Variables

Allows user to investigate how the variables contribute to the principal component analysis (PCA).

This sub-tab focuses on the relationship between your original variables (columns) and the principal components (PCs) that were calculated. It helps you understand which variables drive the variance captured by each PC and how well the variables are represented in the reduced PCA space.

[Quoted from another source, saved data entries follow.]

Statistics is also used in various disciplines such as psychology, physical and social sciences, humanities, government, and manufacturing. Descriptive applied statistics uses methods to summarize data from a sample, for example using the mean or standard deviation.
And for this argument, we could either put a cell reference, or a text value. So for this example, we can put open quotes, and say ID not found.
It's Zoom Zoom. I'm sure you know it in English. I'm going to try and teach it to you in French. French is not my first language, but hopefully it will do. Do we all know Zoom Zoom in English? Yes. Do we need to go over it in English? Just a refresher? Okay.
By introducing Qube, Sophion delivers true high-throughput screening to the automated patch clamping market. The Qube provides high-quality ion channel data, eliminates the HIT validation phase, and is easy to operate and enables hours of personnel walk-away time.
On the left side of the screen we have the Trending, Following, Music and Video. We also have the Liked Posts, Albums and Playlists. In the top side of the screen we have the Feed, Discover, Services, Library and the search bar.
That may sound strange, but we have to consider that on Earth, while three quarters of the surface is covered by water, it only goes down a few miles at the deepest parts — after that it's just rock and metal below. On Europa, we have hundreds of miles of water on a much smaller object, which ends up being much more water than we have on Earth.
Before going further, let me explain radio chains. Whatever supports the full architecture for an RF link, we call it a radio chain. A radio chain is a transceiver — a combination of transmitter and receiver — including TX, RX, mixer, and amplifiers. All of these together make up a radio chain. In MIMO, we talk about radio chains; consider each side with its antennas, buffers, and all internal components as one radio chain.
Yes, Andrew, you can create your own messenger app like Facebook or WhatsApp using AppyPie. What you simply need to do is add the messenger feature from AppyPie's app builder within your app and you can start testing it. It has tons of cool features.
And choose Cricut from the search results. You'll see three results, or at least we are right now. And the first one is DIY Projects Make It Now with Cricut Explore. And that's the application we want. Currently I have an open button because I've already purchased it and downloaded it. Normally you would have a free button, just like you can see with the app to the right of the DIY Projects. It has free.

This visualization within the Variables sub-tab helps you understand how your original variables relate to the principal components (PCs) and to each other in the reduced PCA space. It's often called a "Correlation Circle" or "Loadings Plot".

PANDORA typically provides two versions of this plot:

Correlation Plot (Colored by Quality): Variables colored based on how well they are represented in the plot.
Correlation Plot Clustered: Variables colored based on cluster analysis performed on their PCA coordinates/loadings.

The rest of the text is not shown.